How much mass of CuSO4 would you need when reacting with 23 grams of Al?round answer to the nearest tenths 2 Al + 3 CuSO4 → Al2(SO4)3 + 3 Cu?

Molar mass of Al = 27.0 g/mol
Molar mass of CuSO₄ = (63.5 + 32.1 + 16.0×4) g/mol = 159.6 g/mol

2 Al + 3 CuSO₄ → Al₂(SO₄)₄ + 3 Cu
Mole ratio Al : CuSO₄ = 2 : 3

No. of moles of Al = (23 g) / (27.0 g/mol) = 23/27 mol
No. of moles of CuSO₄ needed = (23/27 mol) × (3/2) = 23/18 mol
Mass of CuSO₄ needed = (23/18 mol) × (159.6 g/mol) = 204 g

Al + CuSO4.....

If you immerse aluminum metal in a solution of copper(II) sulfate, all you will get is wet aluminum. There will be no reaction. That's because aluminum metal is always covered in a thin layer of aluminum oxide, Al2O3, that prevents any reaction. This is referred to as "passivation" and the Al2O3 is called a "passivating layer."

Of course, according to the activity series, aluminum metal should "replace" copper ions in solution, but that doesn't take into account the reality of the passivating layer on aluminum. To make the reaction occur, all that's needed is a little hydrochloric acid (or some other source of chloride ion) which will result in the breakdown of the Al2O3 layer and produce AlCl4^- ions and expose the aluminum metal which will react with Cu2+ ions. What would be even easier would be to use CuCl2 instead of CuSO4.

Use the unit-factor method. If you can compute molar masses correctly, the unit-factor method is practically "idiot-proof."

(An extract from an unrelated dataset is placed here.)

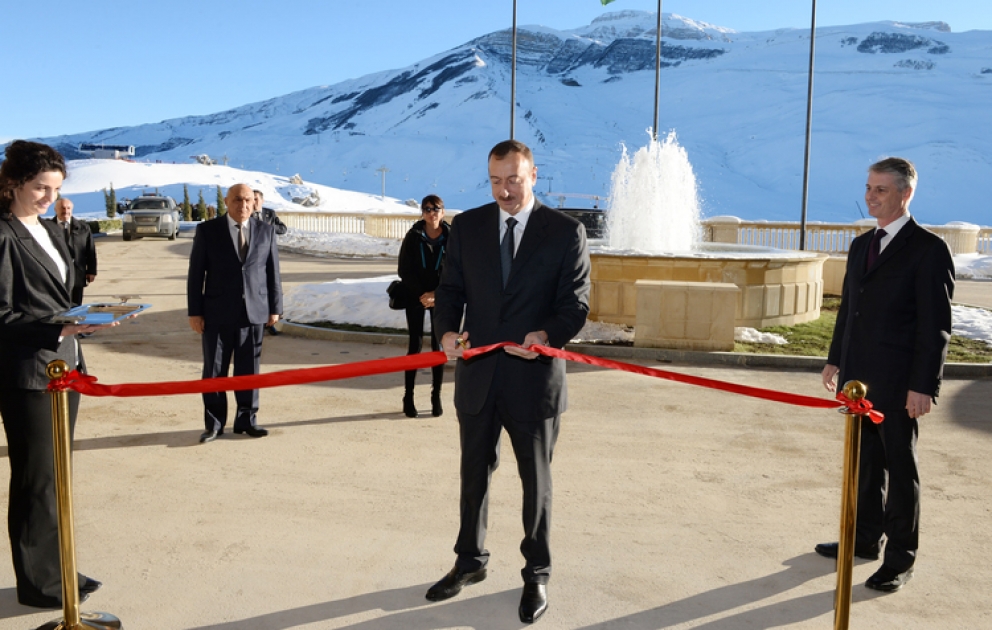 Le président Ilham Aliyev s’est rendu au complexe de tourisme «Chahdagh», station de sport d’hivers et d’été et participé à la cérémonie consacrée au bilan sportif de l’année 2013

2Al(s) + 3CuSO4(aq) --> Al2(SO4)3(aq) + 3Cu(s)
23.0g........ ?g

23.0g Al x (1 mol Al / 27.0g Al) x (3 mol CuSO4 / 2 mol Al) x (159.6g CuSO4 / 1 mol CuSO4) = 204g CuSO4

Find molar mass of CuSO4 = A .. Find molar mass of Al (just its atomic mass) = B

23 / [2A] X [3B] <<< use a calculator